Con las escalas se va creando un clima de fraternidad casi invisible. Será que nos une un miedo que cada uno guarda, mejor o peor escondido. La inquietud de no estar sostenidos por Gea supongo es ancestral y algo freudiana. Nunca vi Lost, pero es imposible evitar la referencia y elegir a quienes nos acercaríamos en caso de caer en una isla, por cierto paradisíaca.
Matamos el tiempo visitando free shops donde deambula gente adormilada sin el menor ánimo de comprar. Difícil imaginar un espacio mas gélido que un free shop. Me llama la atención cómo en él han perdido protagonismo los cigarrillos que, cuando yo fumaba, eran las verdaderas estrellas del lugar. Los pobres han sufrido una especie de genocidio y están desterrados en un ángulo invisible, repletos de culpa. También me parece que las bebidas alcohólicas se han retraído, seguramente por solidaridad con sus antiguos compañeros de juerga.
Las verdaderas vedettes del lugar ahora son los perfumes, demasiado superficiales para dañarnos. Hay muchísima variedad y sobre todo un profuso derroche de ingenio desplegado en los envases y en las cajas. Tanta empeño de packagin me hace dudar de que ocurra lo mismo con el interior. El olfato es, en mi caso, un sentido extremadamente limitado.
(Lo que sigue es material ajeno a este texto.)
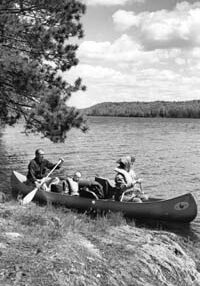George Nyman family canoeing on Moose Lake, Superior National Forest, 1964.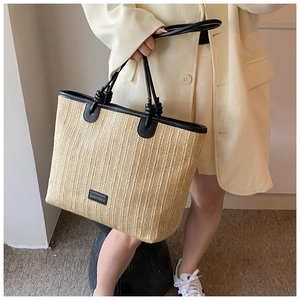 Close-up of woven straw tote bag with black leather trim and handles for summer vacation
Ya en el avión todo me parece más chico que la última vez, y no sólo me refiero a los asientos. Será que yo me haya agrandado. Las sospechas se confirman al llegar la escueta comida. Nos animamos cuando vemos avanzar a la azafata con algo en las manos que parecen alfajores. Son los auriculares para las pantallas individuales, sin duda el mayor adelanto tecnológico desde Jorge Newbery a la fecha. Nuestro error de apreciación desnuda nuestra gris existencia de cabotaje, denunciada hace tiempo por José Luis Chilavert.
Me pregunto cuándo dejaron de ser lindas las azafatas. O si alguna vez lo fueron. Quien sabe su belleza es uno de los tantos mitos que sostienen aún la inminente ruina global de las compañías aéreas. Recuerdo una película de Palito Ortega que se llamaba “Amor en el aire”, una especie de horrible comedia musical. Pero la rubia azafata en blanco y negro me resultaba fascinante los Sábados de Superacción.
Trato de acomodarme para dormir contento de que mi asiento esté del lado del pasillo. El Google Earth mató a las ventanillas, por que las vistas aéreas han perdido definitivamente su encanto. Este lado permite mayor movilidad y hasta sacar las piernas al pasillo para permitir una modesta elongación.
El vino blanco que pedí con la comida es una ayuda considerable para el sueño. Aunque me arrepiento de no haberme animado al wiskhy, paralizado por el miedo a tener que pagarlo. Con él me sentiría más seguro.